• [Task details]
A copy of the listing below is needed, exact in every line and without images.

• [Raw data]

☆ ☆ ☆ ☆ ☆ ☆ ☆

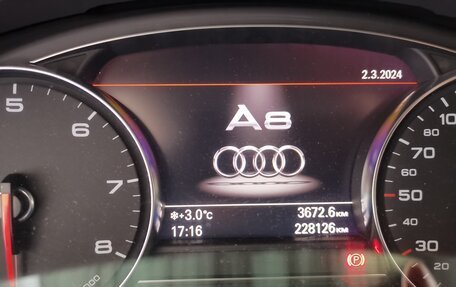 Audi A8, 2014 год, 2 450 000 рублей, 7 фотография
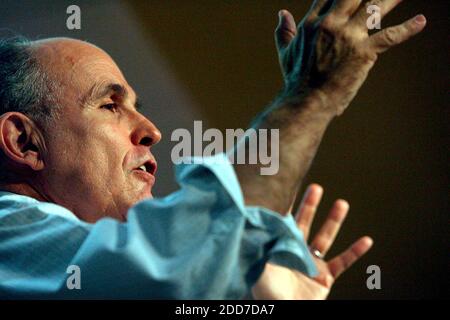 PAS DE FILM, PAS DE VIDÉO, PAS de TV, PAS DE DOCUMENTAIRE - le candidat républicain à la présidence Rudy Giuliani parle lors d'un rallye de campagne à Bradenton, Floride, États-Unis, le samedi 12 janvier 2008. Photo de Brian Blanco/Bradenton Herald/MCT/ABACAPRESS.COM Banque D'Images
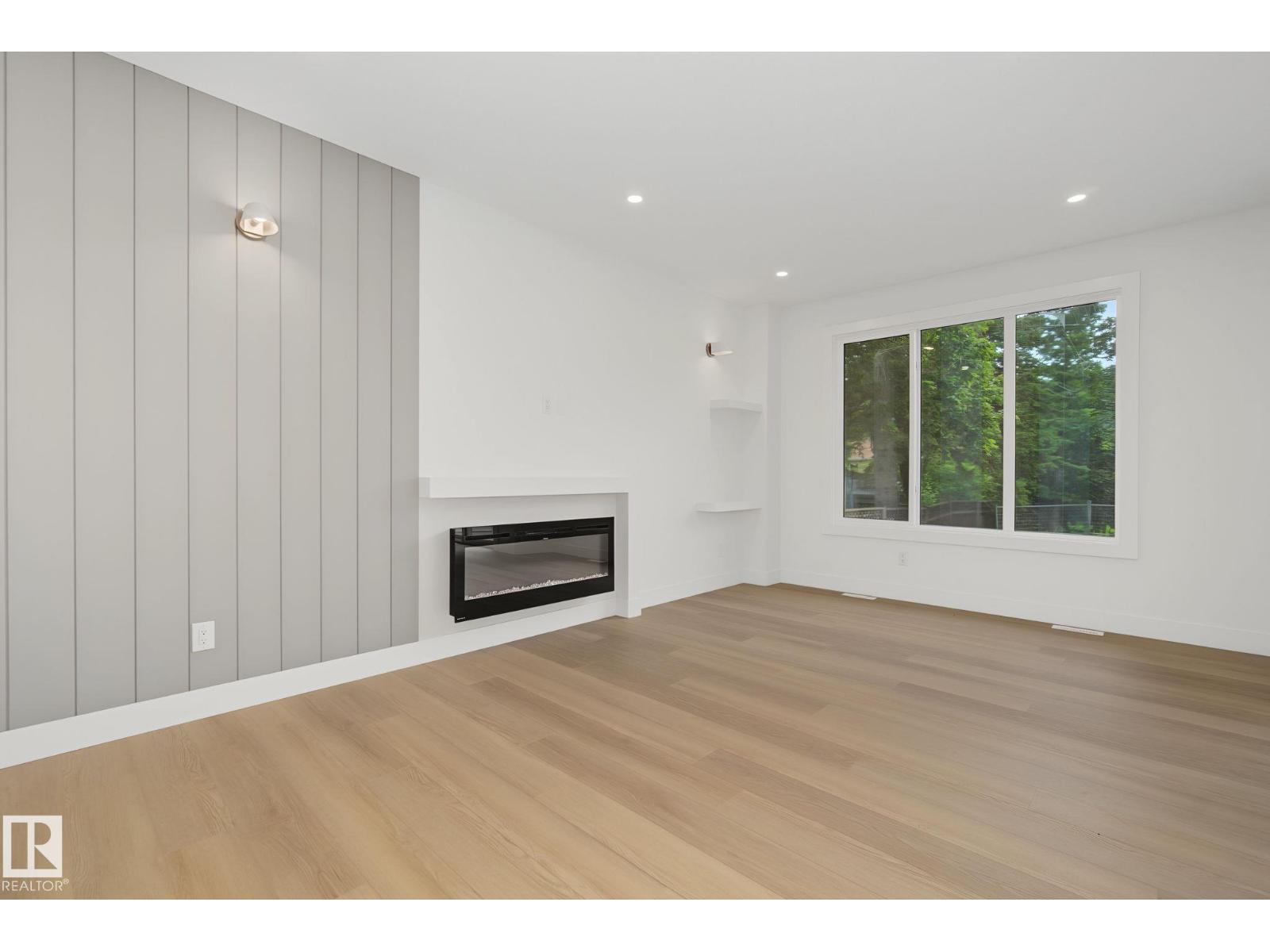 10617 60A AV NW - 15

☆ ☆ ☆ ☆ ☆ ☆ ☆

• [Reply to the task]
 Audi A8, 2014 год, 2 450 000 рублей, 7 фотография
 PAS DE FILM, PAS DE VIDÉO, PAS de TV, PAS DE DOCUMENTAIRE - le candidat républicain à la présidence Rudy Giuliani parle lors d'un rallye de campagne à Bradenton, Floride, États-Unis, le samedi 12 janvier 2008. Photo de Brian Blanco/Bradenton Herald/MCT/ABACAPRESS.COM Banque D'Images
 10617 60A AV NW - 15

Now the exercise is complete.